Other times it seemed ludicrous. (Was it ludicrous to invite your boss to your home?) She thought of telephoning her cousin Cindy Rae two hours away, but in order to have the situation weighed honestly she would have to include the sordid little piece of history involving Avery and Amy—and Emma’s subsequent gossip—and of course she wasn’t going to do that. No, she was on her own with this one, and she sat in the office room typing at her desk, losing her confidence, gaining it, losing it again.
But leaving the ladies’ room one afternoon and unexpectedly finding herself alone in the hallway with Avery Clark, who was bending over the drinking fountain, Isabelle blurted out quietly, “Avery, I wondered if you and Emma would care to come over for dessert one night?”

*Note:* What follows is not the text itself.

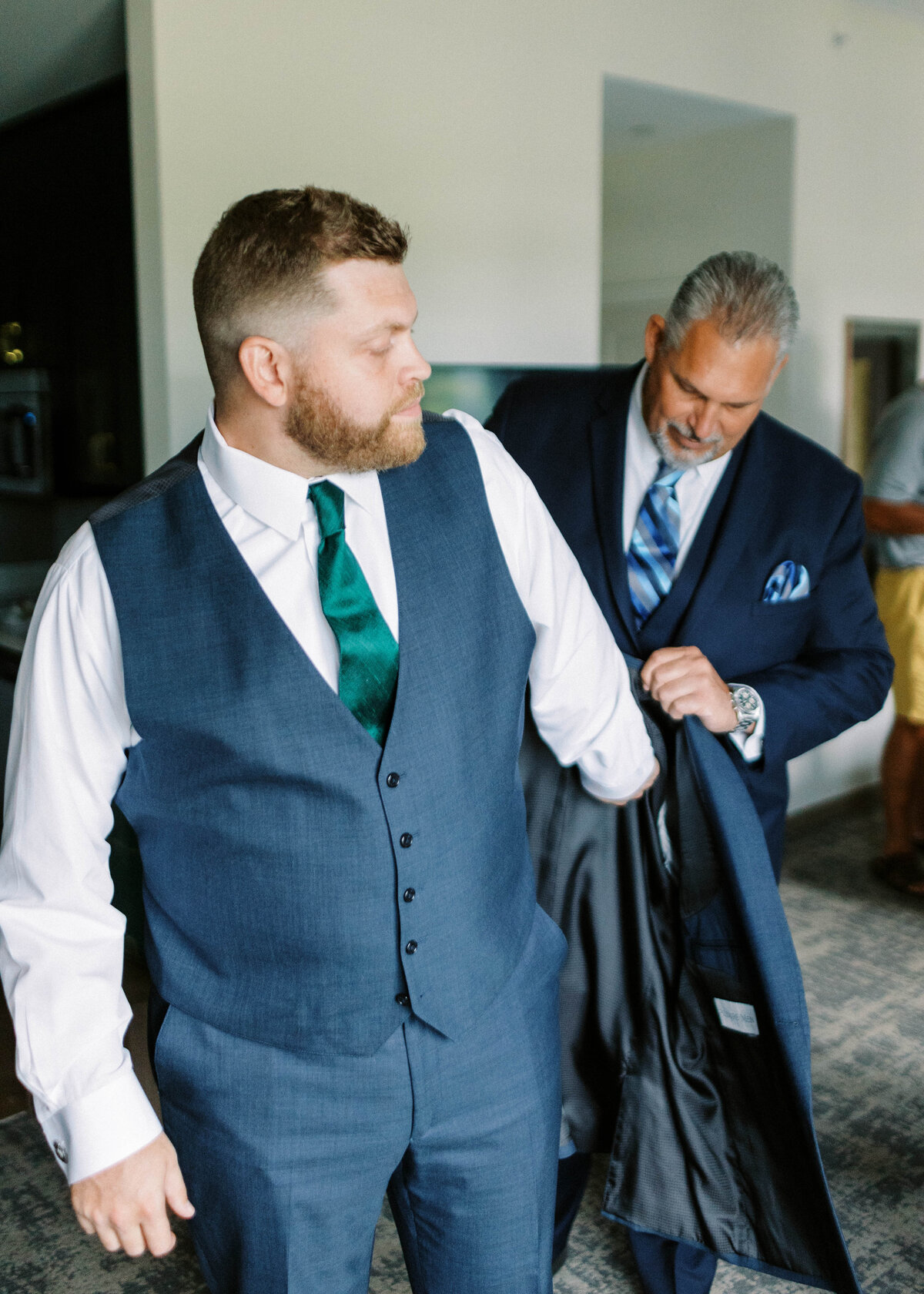 Huntingdon-Valley-Country-Club-Wedding-Groom-Getting-Ready_025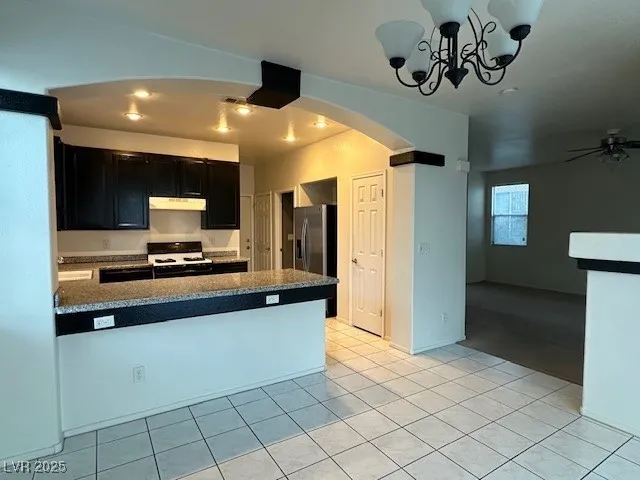 $2,125 | 9008 Ballad Avenue, Las Vegas, NV 89129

Avery straightened up and stared at her, a bit of water still clinging at the edge of his long, crooked mouth.
“It was just an idea,” Isabelle said, faltering. “I just thought …” and here she raised her hand as though to stop the thought, or conversation, from going further.
“Oh, no, no. No.” Avery wiped his mouth briefly, nervously, with the back of his hand. “Very hospitable of you.” He nodded, so clearly caught off guard that Isabelle, to her horror, felt her face grow red. “Very nice thought,” he said. “Let’s see. What night did you have in mind?”